Produce a verbatim copy of the records, and keep the images out of it.

Items from a dataset:
::::

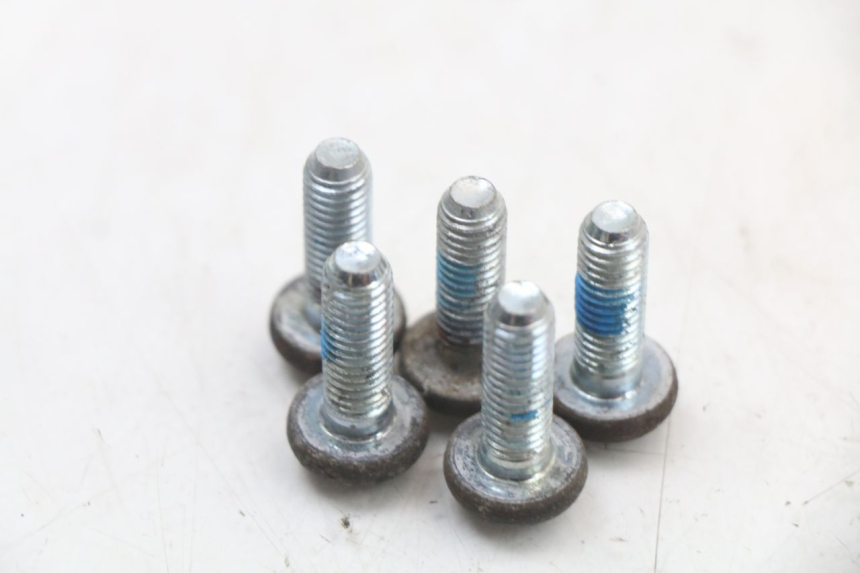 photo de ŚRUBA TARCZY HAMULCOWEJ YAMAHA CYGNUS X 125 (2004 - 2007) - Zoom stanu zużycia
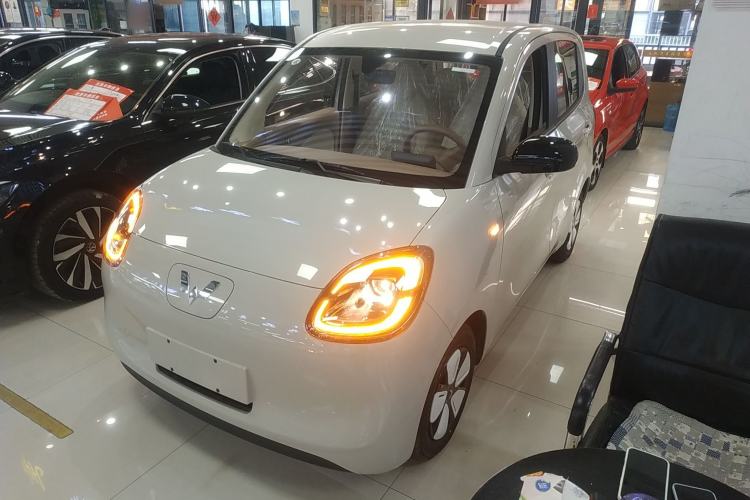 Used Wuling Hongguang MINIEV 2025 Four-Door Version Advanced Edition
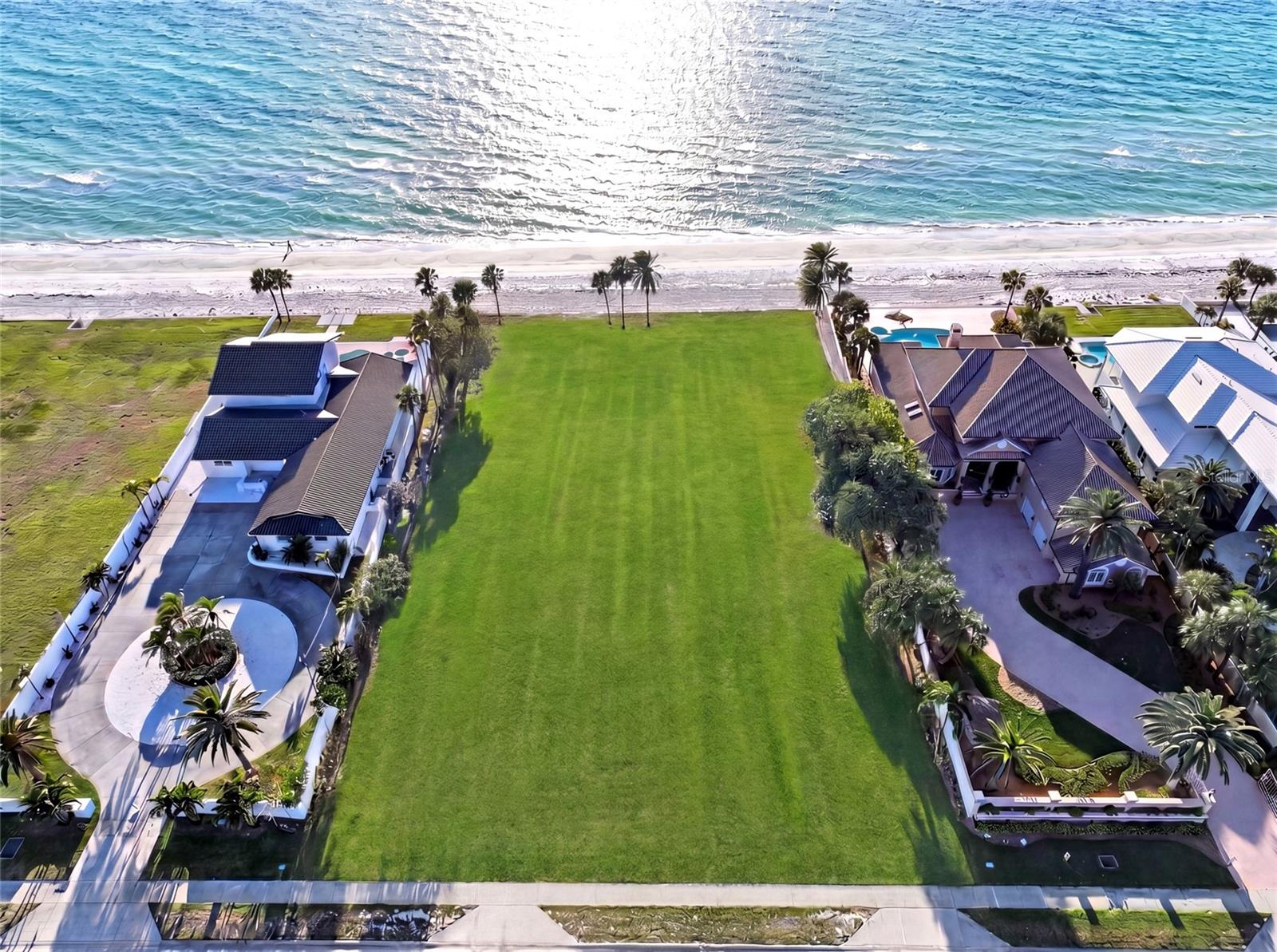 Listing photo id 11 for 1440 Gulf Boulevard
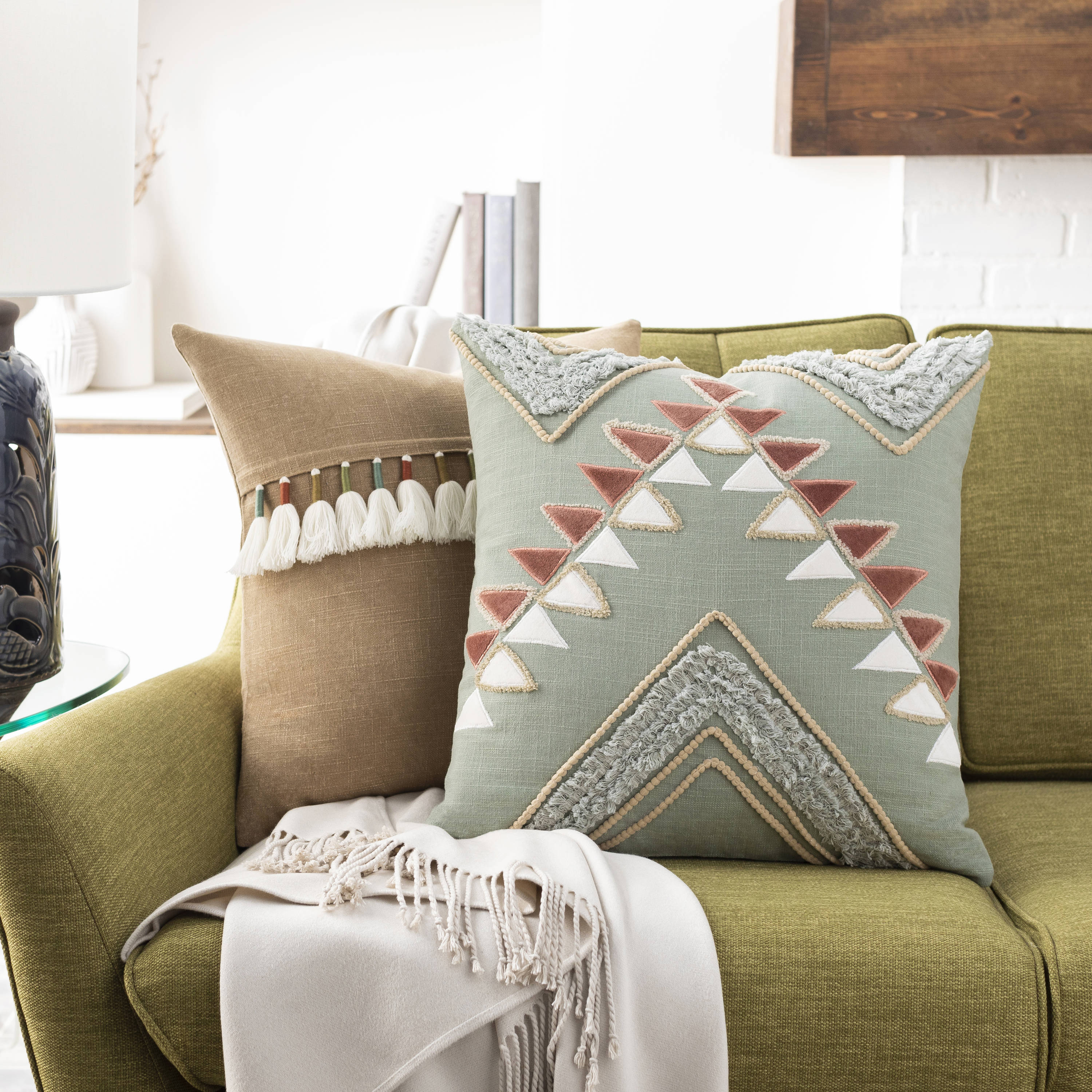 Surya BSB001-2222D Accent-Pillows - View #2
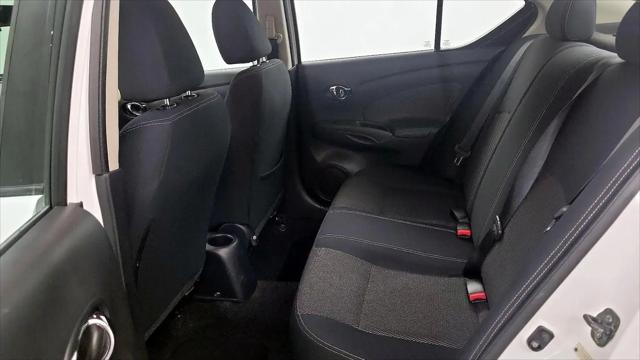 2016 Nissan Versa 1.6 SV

::::

PROBLEM SOLUTION:
 photo de ŚRUBA TARCZY HAMULCOWEJ YAMAHA CYGNUS X 125 (2004 - 2007) - Zoom stanu zużycia
 Used Wuling Hongguang MINIEV 2025 Four-Door Version Advanced Edition
 Listing photo id 11 for 1440 Gulf Boulevard
 Surya BSB001-2222D Accent-Pillows - View #2
 2016 Nissan Versa 1.6 SV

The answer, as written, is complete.